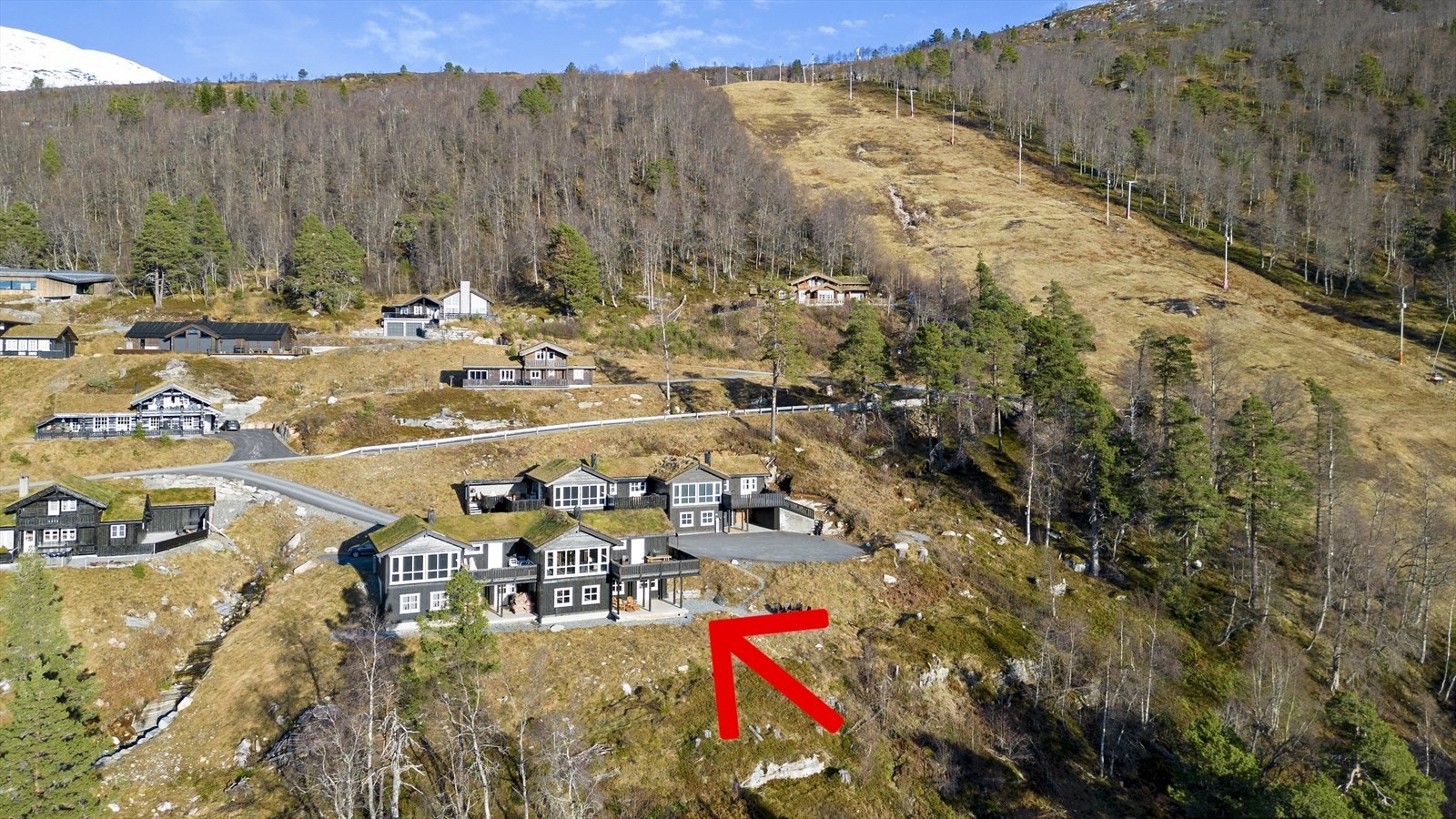 Eigedomen ligg nydelig til inntil friområde og alpinbakken Galleribilde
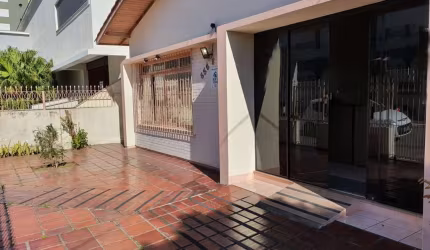 Casa comercial à venda na Rua Vereador Batista Pereira, 653, Estreito, Florianópolis por R$ 1.000.000
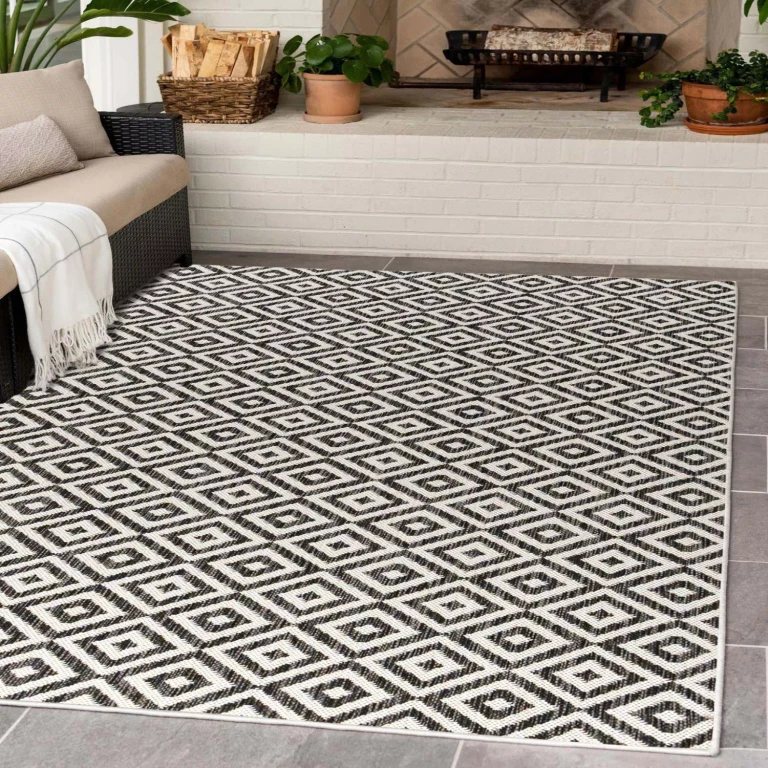 Costa Rica Outdoor Rug:- Charcoal Gray, 7' x 10'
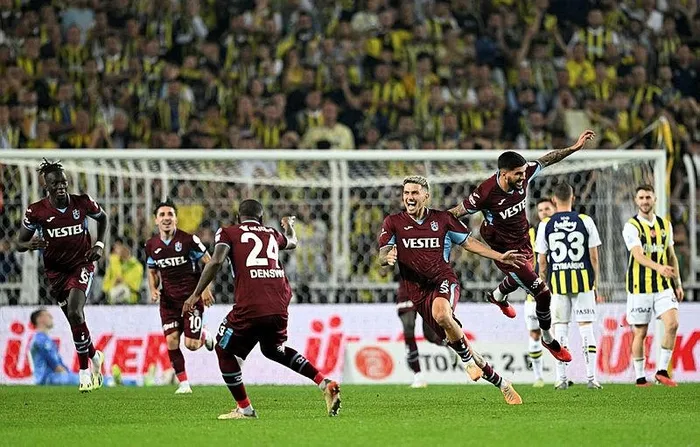 kadikoyde-fenerbahceye-soguk-dus-trabzonspor-seriyi-bozdu-1699124075579.jpeg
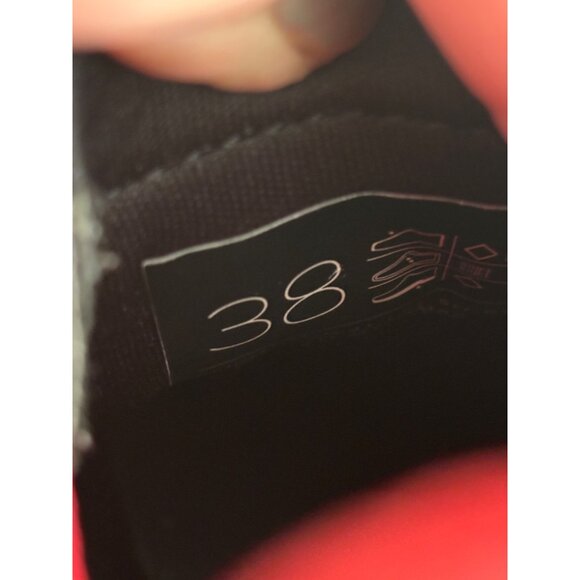 Peloton Cycling Shoes Black Red Trim & Cleats Size 38 Adjustable Straps - Picture 7 of 12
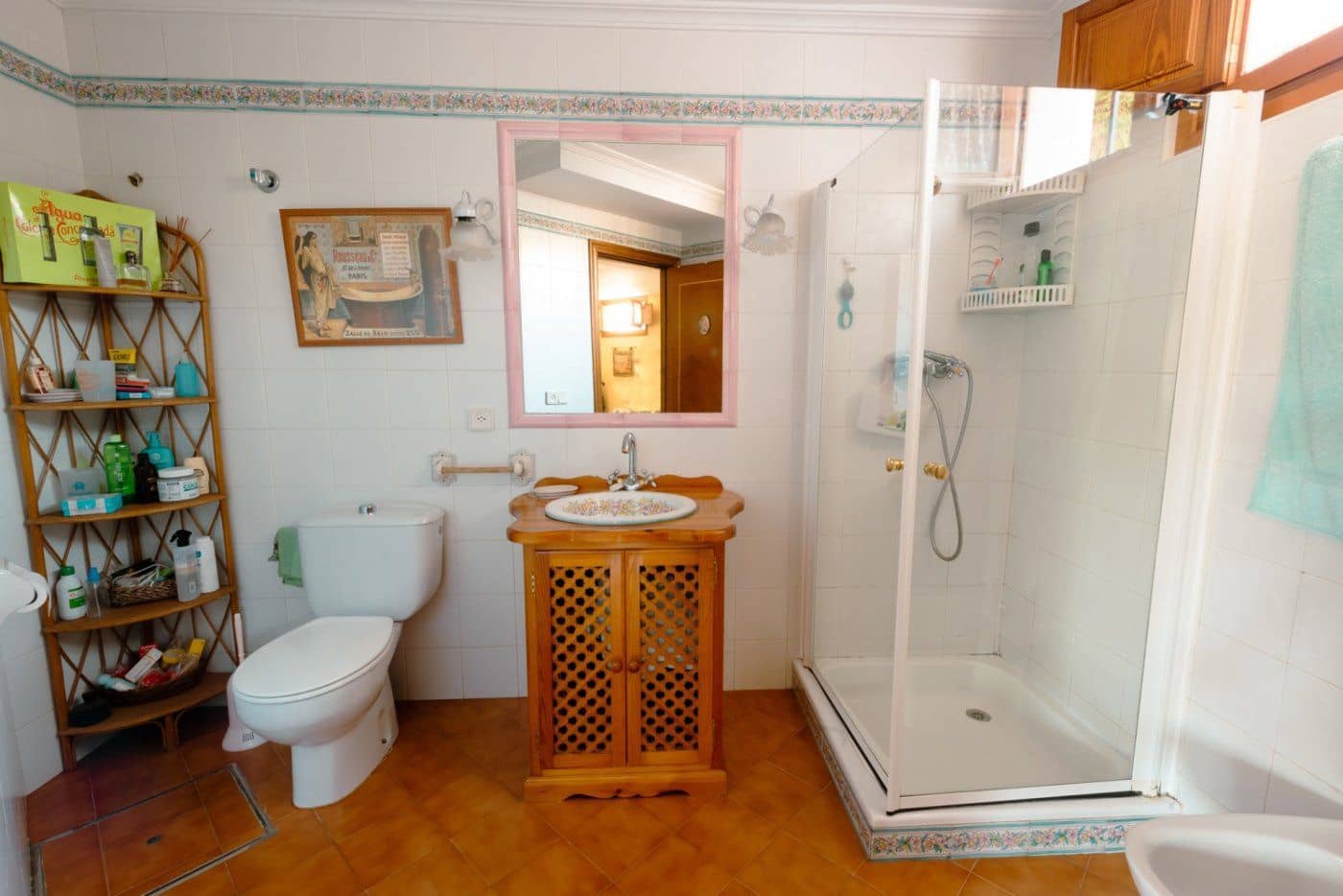 7 Zimmer Villa zu verkaufen in Tomares mit Pool Garage - 690.000 € (Ref: 7763700)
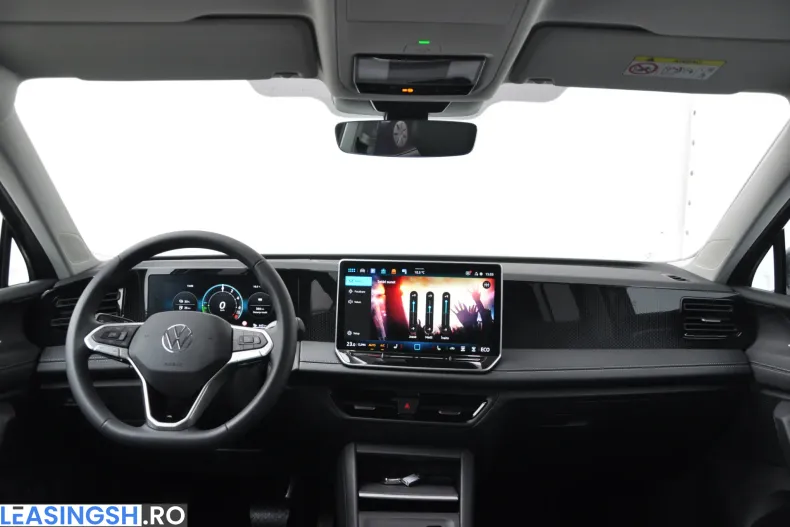 Volkswagen Tiguan din 2025 cu 9.435 km - oferta VOL198138 - foto 14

◇ ◇ ◇ ◇ ◇ ◇ ◇

## Exercise brief
Your answer should be the lines from the line containing "7 Zimmer Villa" through the end of the listing above, output exactly and alone, without the pictures.

## Result for this exercise
 7 Zimmer Villa zu verkaufen in Tomares mit Pool Garage - 690.000 € (Ref: 7763700)
 Volkswagen Tiguan din 2025 cu 9.435 km - oferta VOL198138 - foto 14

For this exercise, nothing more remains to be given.